Objective
Several conditions are associated with increased preeclampsia (PE) risk. Whether altered maternal angiogenic factor levels contribute to risk in these conditions is unknown. Our objective was to compare angiogenic biomarker patterns in high-risk pregnancies and low-risk controls.
Study Design
We conducted a planned secondary analysis of a 2-center observational study of angiogenic biomarkers in high-risk women. A total of 156 pregnant women with a PE risk factor and 59 low-risk controls were studied. Serial maternal serum samples were collected during 3 gestational windows: 23-27 weeks, 28-31 weeks, and 32-35 weeks. Soluble fms-like tyrosine kinase 1 (sFlt1), soluble endoglin (sEng), and placental growth factor (PlGF) were measured by enzyme-linked immunosorbent assay.

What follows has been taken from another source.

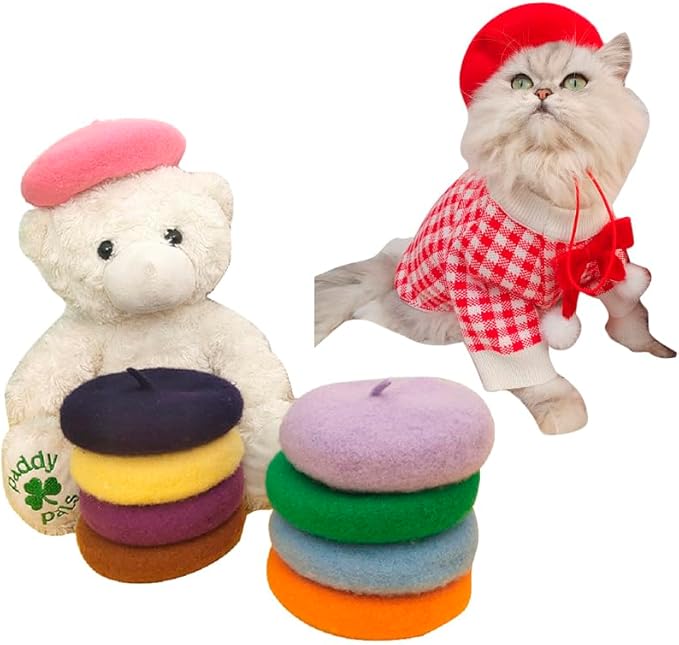 Dog Beret Hats Cats Hats Fashion Four Seasons Funny Comfortable Winter Pet Hat (Green)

Geometric mean angiogenic biomarker levels and angiogenic ratio (sFlt1 + sEng):PlGF were compared with low-risk controls for each risk group, at each gestational window.
Results
Gestational biomarker patterns differed in PE risk groups as compared with low-risk controls. Women with multiple gestations had markedly higher sFlt1 and sEng at all gestational windows. Women with prior PE had higher sFlt1 and angiogenic ratio, and lower PlGF, from 28 weeks onward. Women with chronic hypertension had significantly higher angiogenic ratio for all 3 gestational windows, but differences disappeared when women with PE were excluded. Obese and nulliparous women had significantly lower PlGF, but no differences in the angiogenic ratio.
Conclusion
High-risk groups have altered angiogenic biomarker patterns compared with controls, suggesting that altered production or metabolism of these factors may contribute to PE risk, particularly in women with multiple gestations and prior PE.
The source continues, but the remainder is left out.